[TASK DIRECTIONS] Using the data below, please return every line exactly as given.

====== RECORDS FOR PROCESSING ======

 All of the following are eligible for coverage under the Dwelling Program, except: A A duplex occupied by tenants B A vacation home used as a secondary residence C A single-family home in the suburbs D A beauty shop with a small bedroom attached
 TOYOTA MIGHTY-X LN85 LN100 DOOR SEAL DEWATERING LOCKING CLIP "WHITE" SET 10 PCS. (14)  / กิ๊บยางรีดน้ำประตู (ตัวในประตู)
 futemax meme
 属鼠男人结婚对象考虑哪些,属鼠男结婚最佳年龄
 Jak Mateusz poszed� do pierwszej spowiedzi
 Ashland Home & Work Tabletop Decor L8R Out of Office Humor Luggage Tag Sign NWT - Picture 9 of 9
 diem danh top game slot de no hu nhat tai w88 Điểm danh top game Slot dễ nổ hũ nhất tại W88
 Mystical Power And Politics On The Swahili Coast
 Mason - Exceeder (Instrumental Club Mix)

======

[TASK SOLUTION]
 All of the following are eligible for coverage under the Dwelling Program, except: A A duplex occupied by tenants B A vacation home used as a secondary residence C A single-family home in the suburbs D A beauty shop with a small bedroom attached
 TOYOTA MIGHTY-X LN85 LN100 DOOR SEAL DEWATERING LOCKING CLIP "WHITE" SET 10 PCS. (14)  / กิ๊บยางรีดน้ำประตู (ตัวในประตู)
 futemax meme
 属鼠男人结婚对象考虑哪些,属鼠男结婚最佳年龄
 Jak Mateusz poszed� do pierwszej spowiedzi
 Ashland Home & Work Tabletop Decor L8R Out of Office Humor Luggage Tag Sign NWT - Picture 9 of 9
 diem danh top game slot de no hu nhat tai w88 Điểm danh top game Slot dễ nổ hũ nhất tại W88
 Mystical Power And Politics On The Swahili Coast
 Mason - Exceeder (Instrumental Club Mix)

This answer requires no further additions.